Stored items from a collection
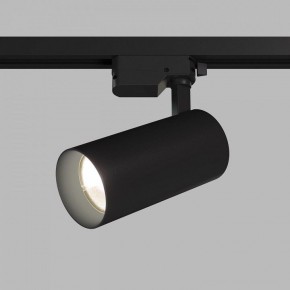 Светильник на штанге Denkirs SOLID KOPER DK6453-BK в Талице - talica.ok-mebel.com | фото 3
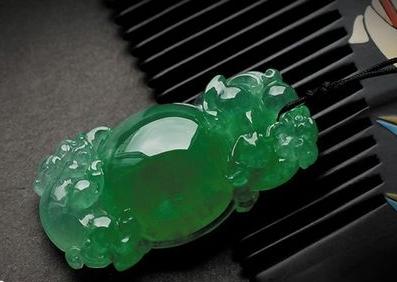 心理测试选孔雀测你的爱情,心理测试你的结婚对象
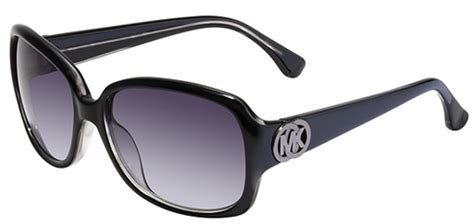 michael kors harper sunglasses m2789s|Michael Kors M2789S Sunglasses .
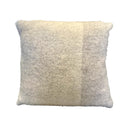RIROS TWEED PILLOW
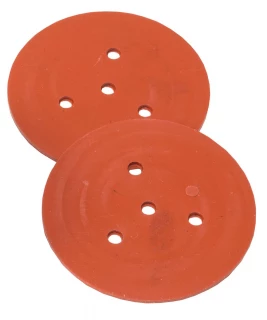 Replacement Gasket for Speed Coat Dipper Cap Kit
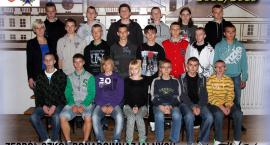 Fotka nr 2 z 14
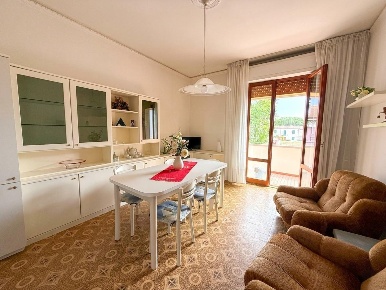 Foto Appartamento a Empoli Masini - XX Settembre di 95 m² con 4 locali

What you should do:
Output the data above exactly; pictures do not belong in the copy.

Result of this task:
 Светильник на штанге Denkirs SOLID KOPER DK6453-BK в Талице - talica.ok-mebel.com | фото 3
 心理测试选孔雀测你的爱情,心理测试你的结婚对象
 michael kors harper sunglasses m2789s|Michael Kors M2789S Sunglasses .
RIROS TWEED PILLOW
 Replacement Gasket for Speed Coat Dipper Cap Kit
 Fotka nr 2 z 14
 Foto Appartamento a Empoli Masini - XX Settembre di 95 m² con 4 locali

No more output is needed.